__DATA UNDER STUDY__.

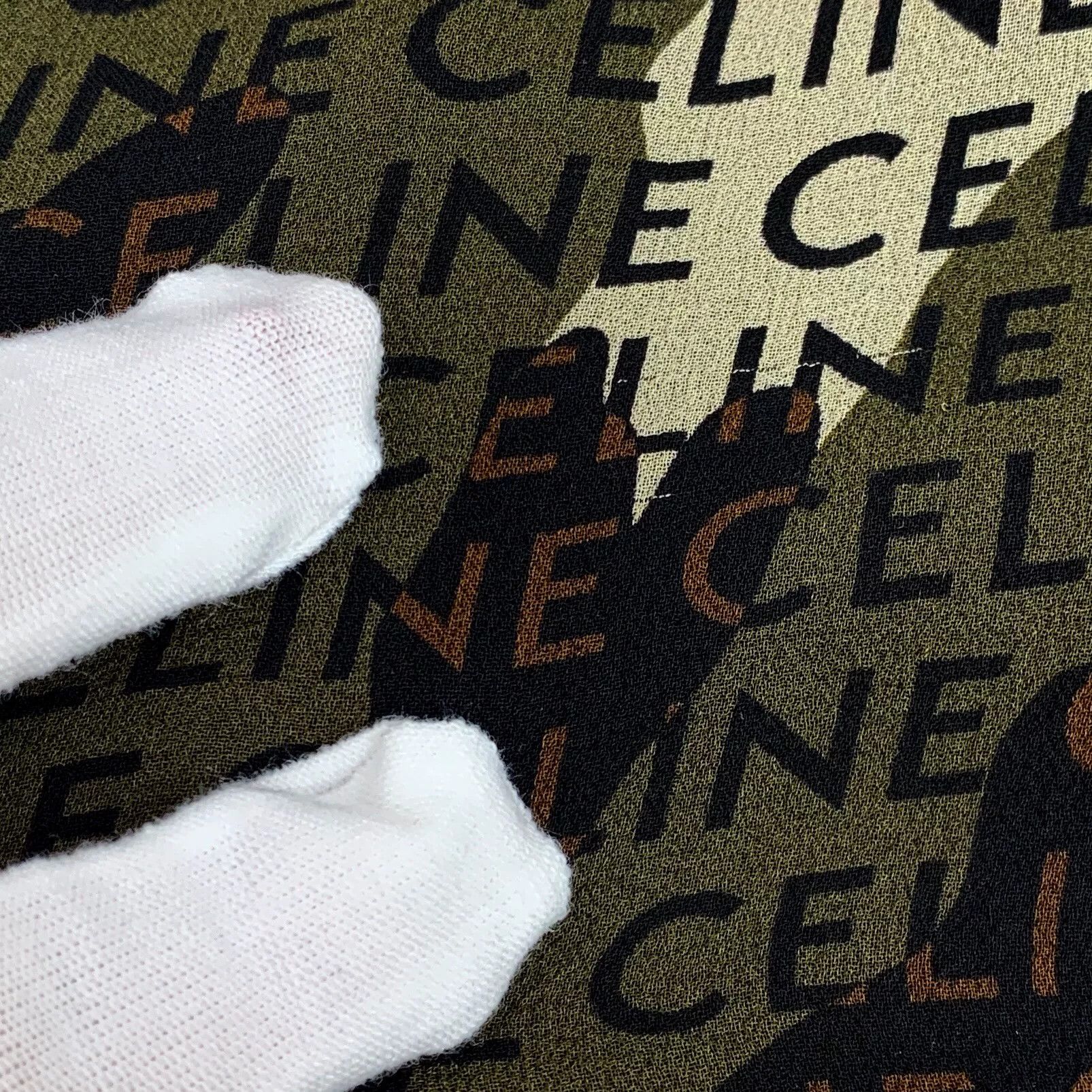 Celine Celine Camouflage Logo Print Silk Dress Size S / US 4 / IT 40 - 9 Thumbnail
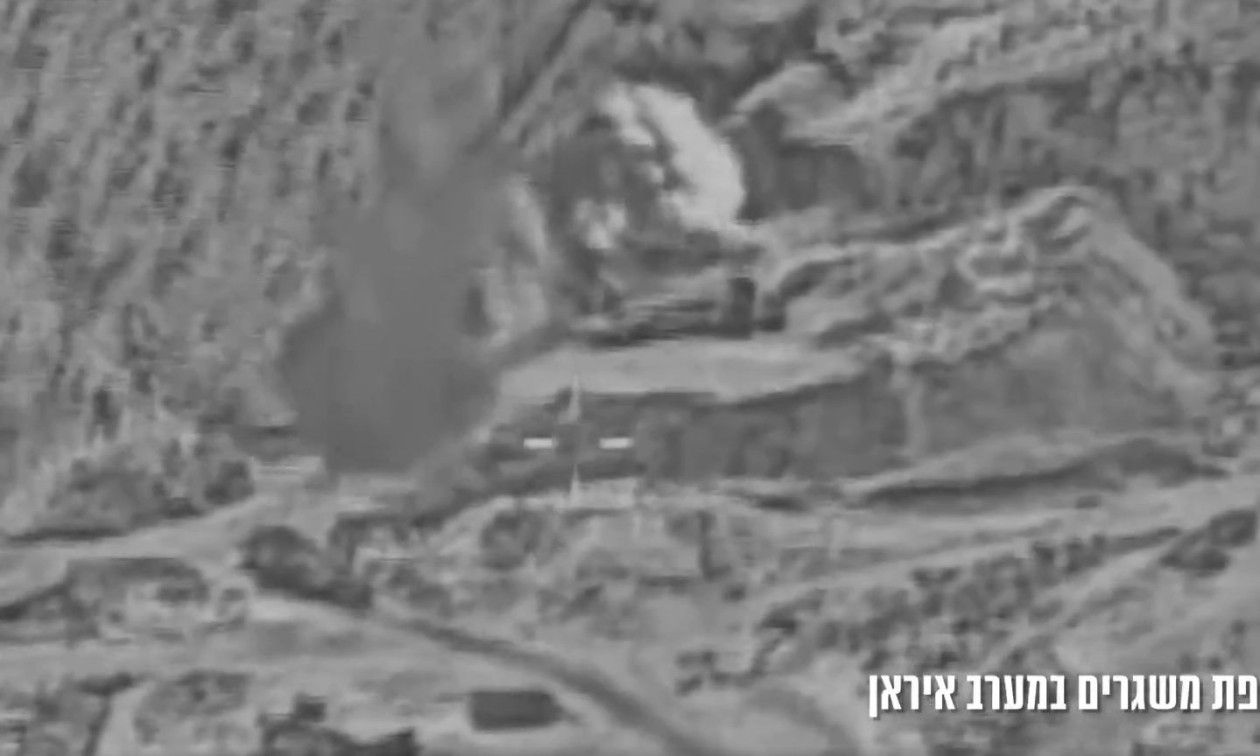 IDF: Έδωσαν στη δημοσιότητα βίντεο με πλήγματα κατά ιρανικών εκτοξευτών πυραύλων
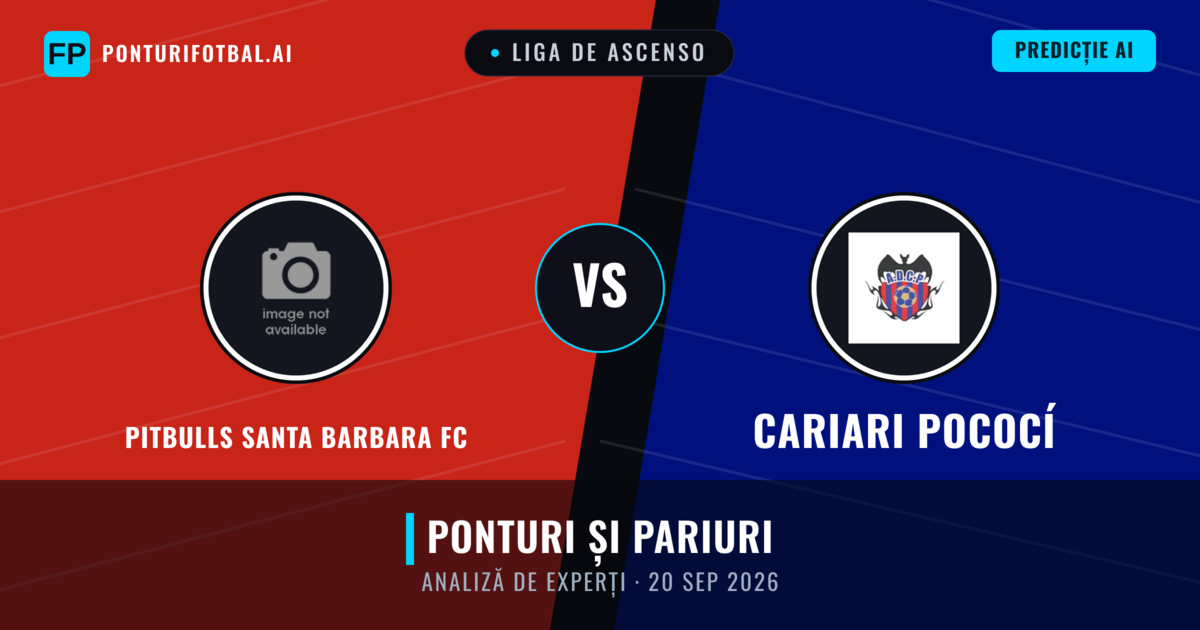 Pitbulls Santa Barbara FC vs Cariari Pococí — pronostic și avancronică meci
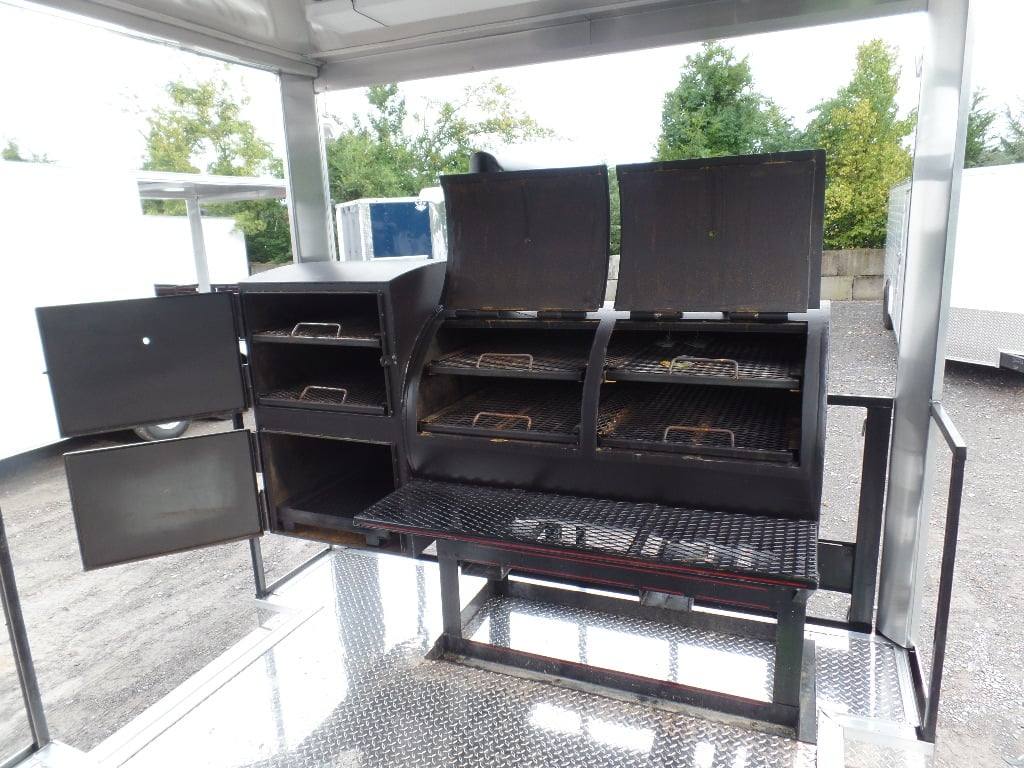 546-8.5-x-22-concession-bbq-food-trailer-black-with-appliances-16.jpg 8.5' x 22' Concession BBQ Food Trailer Black With Appliances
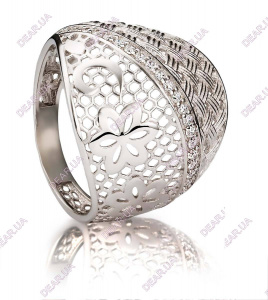 Крупное женское кольцо из серебра 925 пробы, артикул 2542.1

__WHAT THE TASK REQUIRES__. Nothing but the lines from the line containing "Pitbulls Santa Barbara" through the last line of the material may be output, and they must be copied exactly, without pictures.

__EXERCISE RESULT__.
 Pitbulls Santa Barbara FC vs Cariari Pococí — pronostic și avancronică meci
 546-8.5-x-22-concession-bbq-food-trailer-black-with-appliances-16.jpg 8.5' x 22' Concession BBQ Food Trailer Black With Appliances
 Крупное женское кольцо из серебра 925 пробы, артикул 2542.1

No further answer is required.